Werden Sie in Abstimmung mit den Ländern Initiativen zur
Verbesserung der
regionalen
Mitbestimmungsmöglichkeiten erarbeiten, damit AnrainerInnen, potenziell
von
den Anlagen Betroffenen sowie den Standortgemeinden im Verfahren zur
Errichtung von
Mobilfunkanlagen Parteistellung eingeräumt wird?
16.
Der
Obmannes des Fachverbandes der Elektro- und Elektronikindustrie, Siemens
Chef Albert Hochleitner, hat davor gewarnt, dass - sollte eine derartige Steuer
bundesweit Schule machen - den Netzbetreibem Kosten von rund einer halben
Milliarde Euro entstehen würden. Dies
entspräche dem jährlichen Investitionsvolumen
der Netzbetreiber. Die Folgen wären weniger Aufträge, weniger Jobs und
höhere
Tarife für die Kunden. Teilen Sie diese Kritik und Befürchtungen?

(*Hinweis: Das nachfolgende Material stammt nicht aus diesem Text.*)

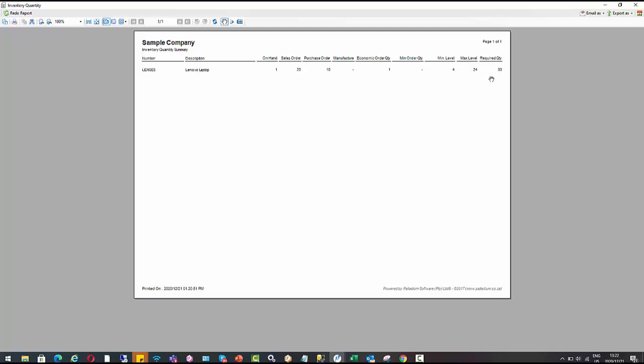And just whilst we're also on this screen, obviously this is reliant on users remembering to run this report, maybe on a daily or weekly basis. We also do have a Palladium Alerts module available where we can set up automated triggers in the database to say, please send the inventory control manager or whoever email notifications to let them know when an item's gone below the minimum level. For example, we can automate this report on a daily basis. Just something to consider.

17. Die Arbeiterkammer kritisiert die geplante
Handymastensteuer in Niederösterreich als
"wirtschaftspolitisch völlig verfehlt". Eine solche Steuer verzerre
die Marktverhältnisse,
führe zu weniger Investitionen beim Infrastrukturausbau, gefährde Arbeitsplätze
in der
Mobilfunkbranche und gehe zu Lasten einer schlechteren Versorgung im
ländlichen
Raum. Die AK befürchtet, dass letztendlich die Handymastensteuer auf die
KonsumentInnen überwälzt wird. Sie sei wettbewerbsverzerrend, weil neuere und
kleinere Anbieter mit weniger KundInnen in der Anfangsphase durch die Steuer
überproportional belastet werden würden.
Wenn noch mehr Bundesländer dem
schlechten Beispiel Niederösterreichs folgen sollten, könne das die
KonsumentInnen
mit bis zu 80 Euro pro Jahr belasten. Teilen Sie diese Kritik?
Die unterfertigten Abgeordneten stellen gemäß § 61 Abs.
1 den Antrag, diese
Anfrage
dringlich zu behandeln. (nach Erledigung der Tagesordnung).